Eis que veio o convite pra remar com outras pessoas,
outras idades, outras raízes, outras risadas também. A cada movimento, o corpo
agradecia e a mente se aquietava. Sempre fui do movimento, do sol, do calor, do
exercício. Acostumada a caminhar longas distâncias, com as pernas vencendo as
asas do quadrado, experimentei a sensação das braçadas, do ir e vir ritmado,
poesia pura ao som das águas do Paranoá.
Mais do que isso, vivi a sensação de trabalhar em
equipe. A canoa havaiana eleva nosso espírito, recarrega tudo, reorganiza a
mente. E, para mim, a atenção plena, a contagem e o grito HIP na hora de mudar
o remo de lado me traz pra vida, me ajuda a fugir da dispersão, estimula a
parte aeróbica, melhora a postura, reseta a memória.
No momento, a canoa é abrigo, vício e salvação. É como se o movimento do corpo, dos braços, aquietasse o da mente, sempre perversa com seus pensamentos flutuantes, que só causam mais ansiedade. Quando estou remando, com o céu esplendoroso de Brasília pairando por cima da cabeça, chega uma paz gostosa, um equilíbrio bom de sentir, uma sintonia fina com a natureza e com os companheiros de remada.
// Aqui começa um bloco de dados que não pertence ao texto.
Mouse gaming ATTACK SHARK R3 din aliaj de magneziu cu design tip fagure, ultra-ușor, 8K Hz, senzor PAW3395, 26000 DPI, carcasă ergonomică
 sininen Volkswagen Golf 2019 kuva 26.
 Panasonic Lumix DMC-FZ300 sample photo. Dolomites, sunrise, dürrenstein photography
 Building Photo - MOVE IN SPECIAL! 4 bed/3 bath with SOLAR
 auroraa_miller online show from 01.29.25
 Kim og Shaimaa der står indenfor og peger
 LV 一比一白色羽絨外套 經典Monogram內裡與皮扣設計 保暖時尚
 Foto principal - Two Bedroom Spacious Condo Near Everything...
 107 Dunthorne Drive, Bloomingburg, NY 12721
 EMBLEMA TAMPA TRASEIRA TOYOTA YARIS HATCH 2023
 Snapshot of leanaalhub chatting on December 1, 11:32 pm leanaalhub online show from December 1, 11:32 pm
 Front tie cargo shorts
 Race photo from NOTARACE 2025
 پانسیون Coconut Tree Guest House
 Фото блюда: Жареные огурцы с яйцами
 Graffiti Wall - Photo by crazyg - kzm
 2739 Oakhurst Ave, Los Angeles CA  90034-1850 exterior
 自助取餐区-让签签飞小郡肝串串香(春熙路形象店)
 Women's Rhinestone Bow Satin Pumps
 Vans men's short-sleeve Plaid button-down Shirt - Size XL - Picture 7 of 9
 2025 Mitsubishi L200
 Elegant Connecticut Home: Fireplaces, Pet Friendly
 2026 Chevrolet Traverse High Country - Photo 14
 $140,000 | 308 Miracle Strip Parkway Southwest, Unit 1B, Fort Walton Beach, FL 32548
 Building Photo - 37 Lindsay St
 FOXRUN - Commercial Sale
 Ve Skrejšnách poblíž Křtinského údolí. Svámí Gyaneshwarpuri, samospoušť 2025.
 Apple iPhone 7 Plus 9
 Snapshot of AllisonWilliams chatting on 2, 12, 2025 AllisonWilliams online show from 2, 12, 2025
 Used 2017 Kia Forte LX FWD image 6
Trazer as emoções para o corpo é um aprendizado contínuo. Vencer a preguiça, colocar-se como prioridade na rotina, lembrar da hora boa que mata o cansaço da semana. O remo ativa o modo turbo de energia que perdura. Tem sido bom. Para o corpo, para a saúde mental, para acalentar o juízo e as saudades daqueles tão importantes amigos que perdi neste ano.
Remo para não chorar. De água salgada, o mar me basta. Abraço o lago como mais um amigo generoso, que me rende de novo a sensação de pertencimento a essa forasteira que adotou Brasília, que me diz quase em segredo: a vida continua e é bela; Deus existe e o universo é um presente divino para quem sabe ver e sentir.